Jackets worn on other ships were the same material, lined and then waterproofed, because every damned TradeStation has thermostats controlled by men and kept three to five degrees cooler than Kathra kept WinterStar. Black pullover shirts under the jackets stood out against the brightness of the fabric.
Like the rest of the comitatus, Joane had a bolter pistol strapped to her thigh, available in a hurry if she needed to take someone down with a compact particle projector fed by ammunition disks.
Kathra wore an identical outfit as she approached, including the pistol. Beside her, Ndidi had taken to wearing the same sorts of dark colors Daniel preferred in the kitchen, where they did a reasonable job of hiding stains and you didn’t need to stand out.
Drawing attention to yourself was for your cooking. Nothing else mattered.

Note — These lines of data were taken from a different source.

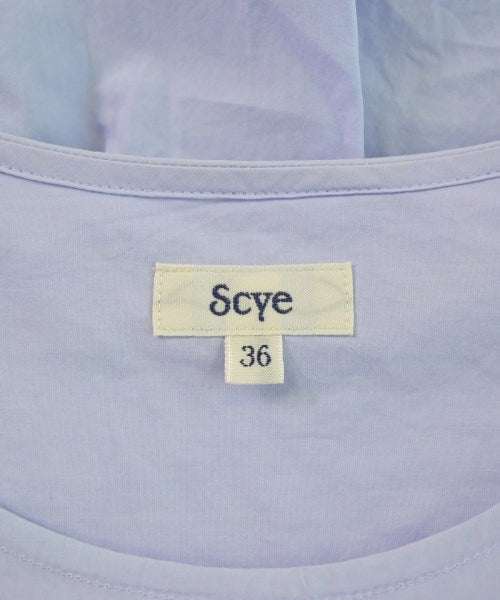 SCYE 休閒襯衫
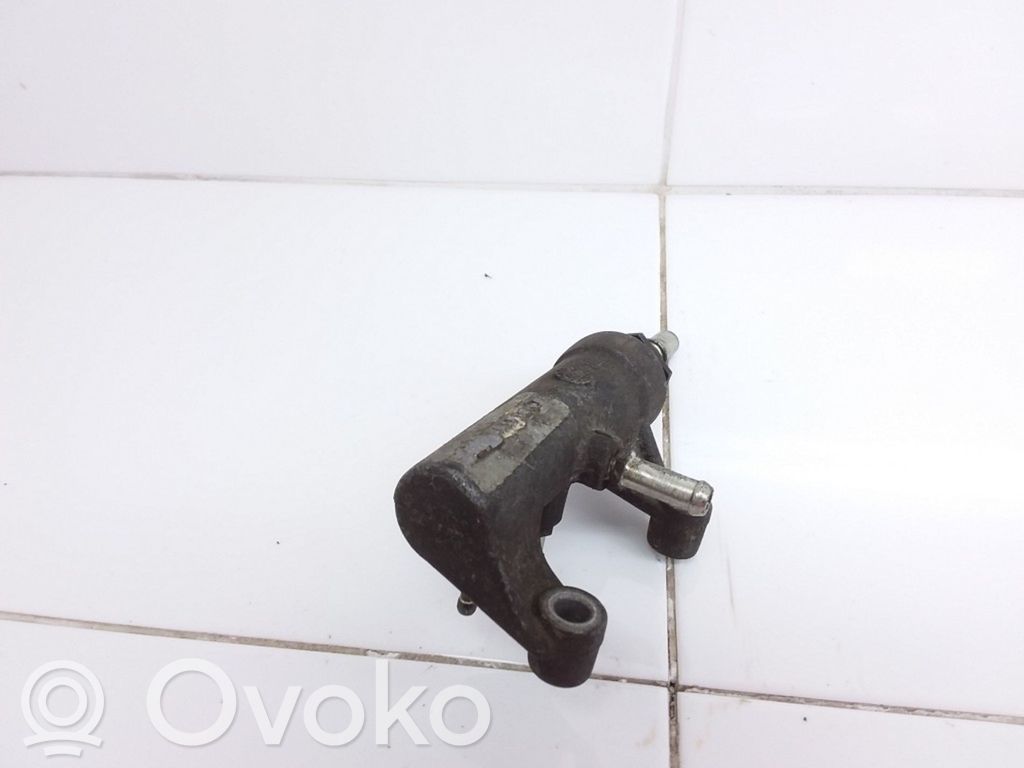 Opel Vectra C Régulateur de pression de carburant 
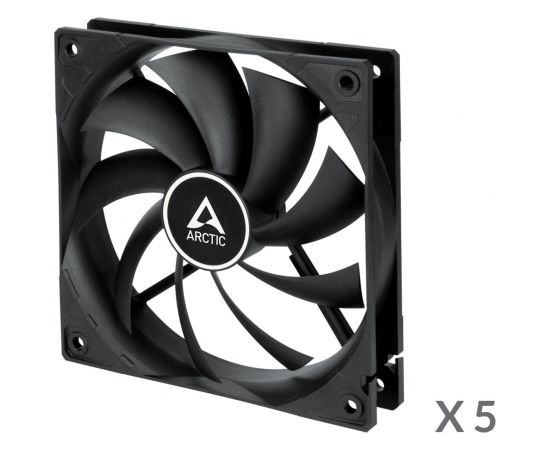 ARCTIC F12 - 120 mm Standard Case Fan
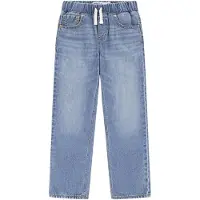 Levi's Jeans für Kinder, lockere Passform, Modell "Bambino", blau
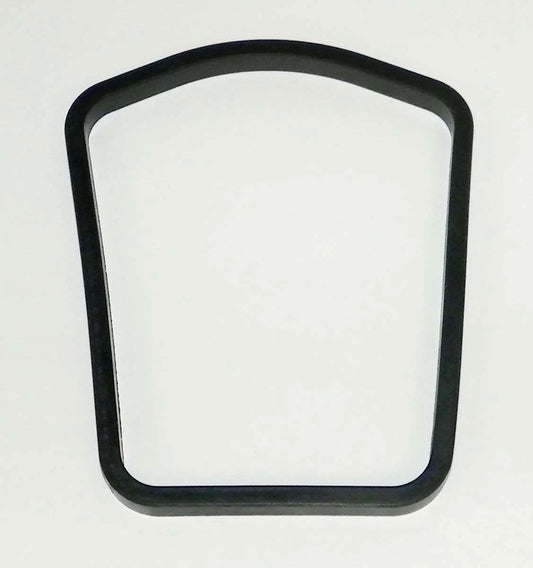 WSM Johnson / Evinrude 75-250 HP Exhaust Seal, Lower 447-407, 0320961, 18-8353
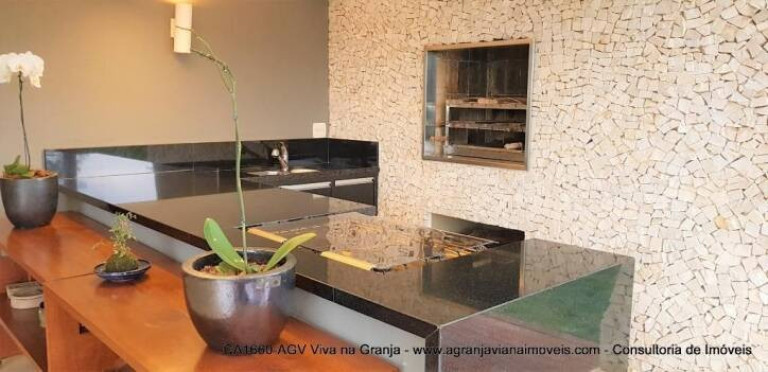 Imagem Casa com 7 Quartos à Venda, 1.100 m² em Vila De São Fernando - Cotia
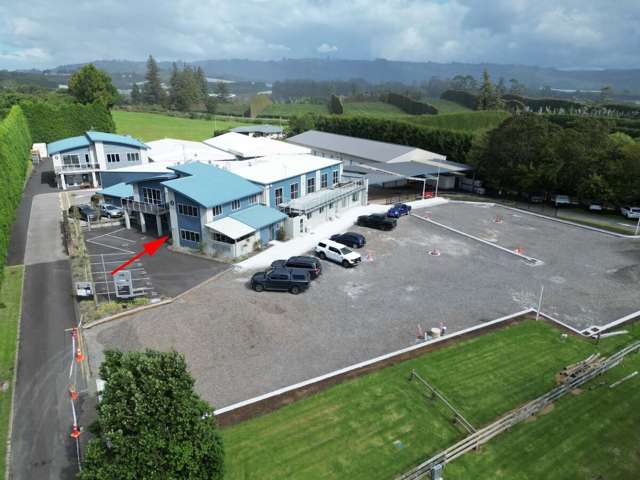 Quality Office Accommodation in Te Puna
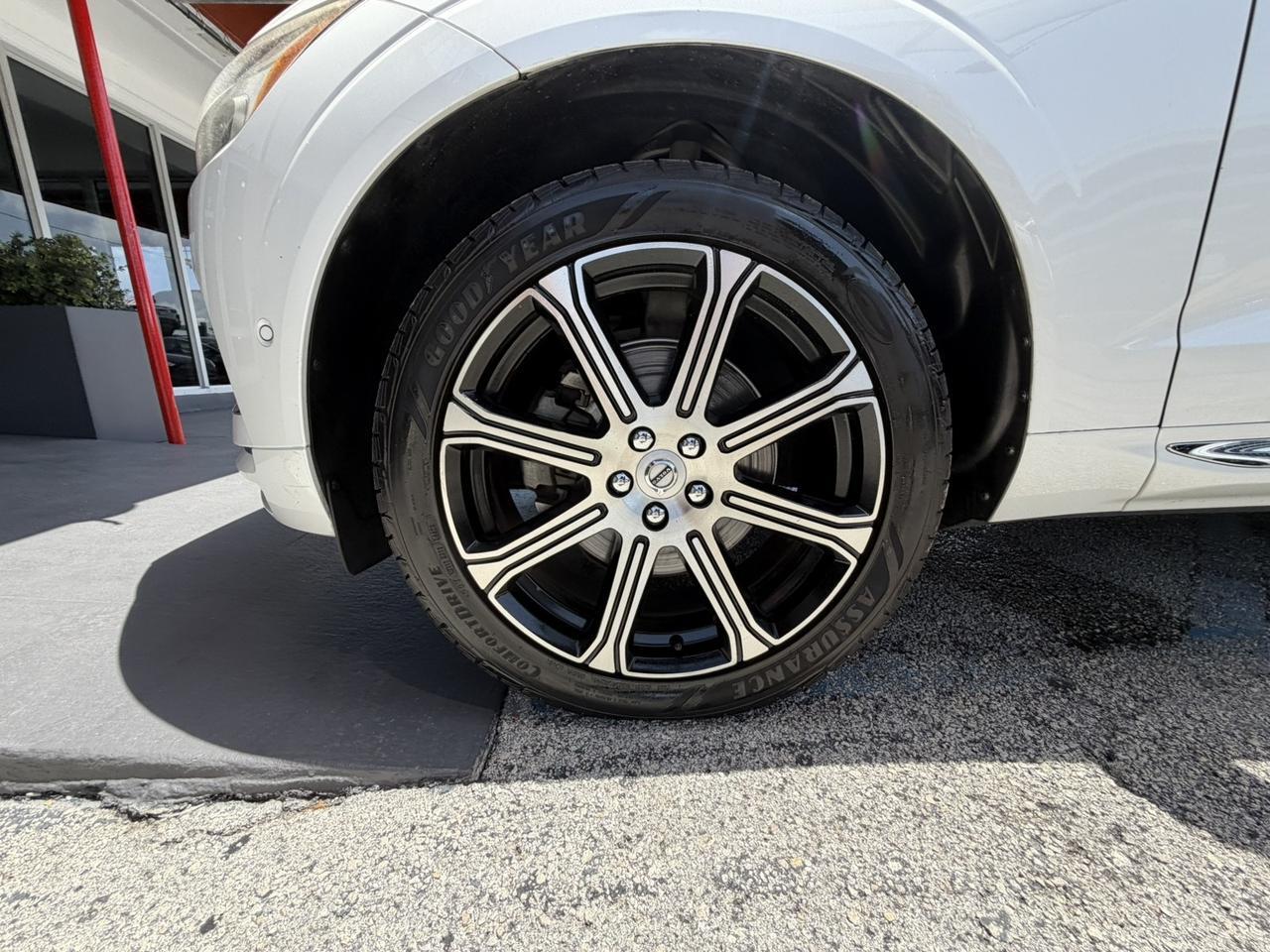 2019 Volvo XC60 Inscription Hollywood FL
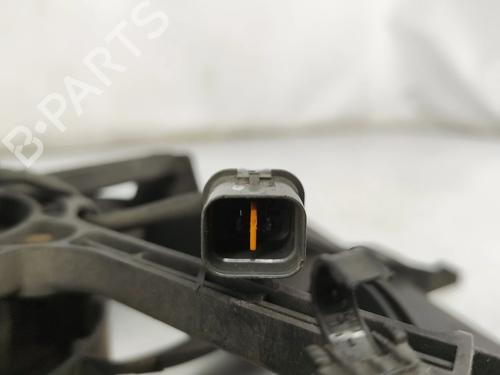 Radiator fan SMART FORFOUR (454) 1.1 (454.030) | BP31624741M35 - Image 6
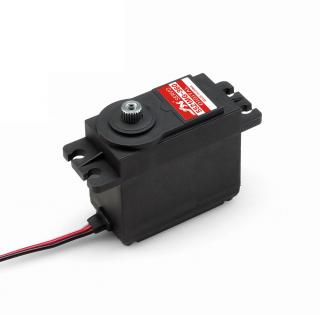 Digitální servo PDI-5521MG 55g/20kg/360° JX Servo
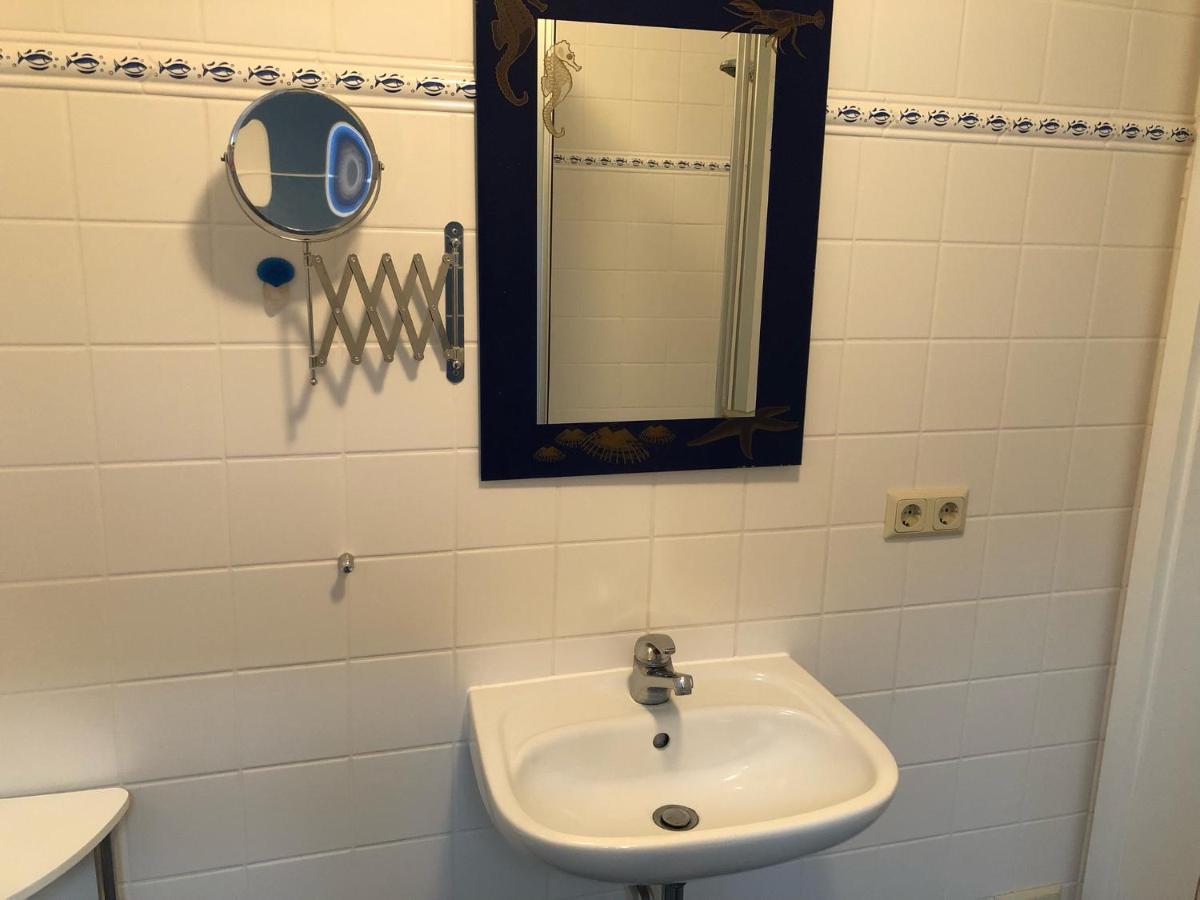 Seestr 75 A Haus A Links Zingst Dış mekan fotoğraf
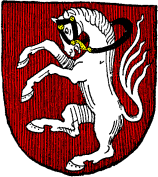 FIG. 367.--Arms of Herr von Frouberg.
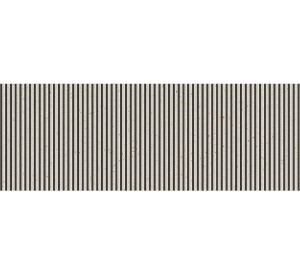 Vives Genti-R Grafito 32x99 płytka ścienna imitująca lastryko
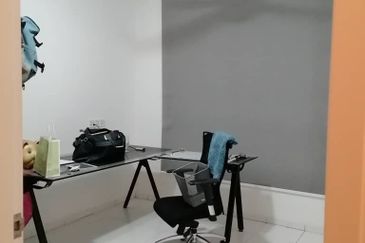 Graham Garden @ Eco Grandeur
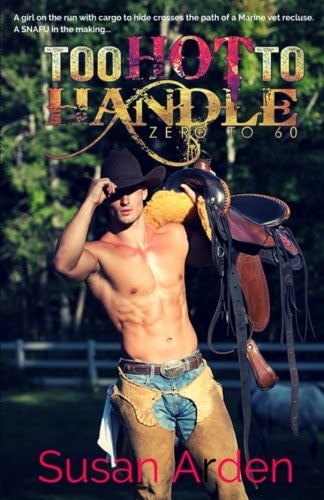Too Hot To Handle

“Try not to get lost out there,” Kathra teased with a smile as she came to rest near them.
It was an old joke between the two of them at this point.
“See what you can do to improve my harem while I’m gone,” Daniel grinned back.
He was the only male aboard SeekerStar, ninety-nine point whatever percent of the time. Urid-Varg had originally chosen to take the Mbaysey as his hostages because that sick salaud had wanted to have an entire tribe of women as sex slaves.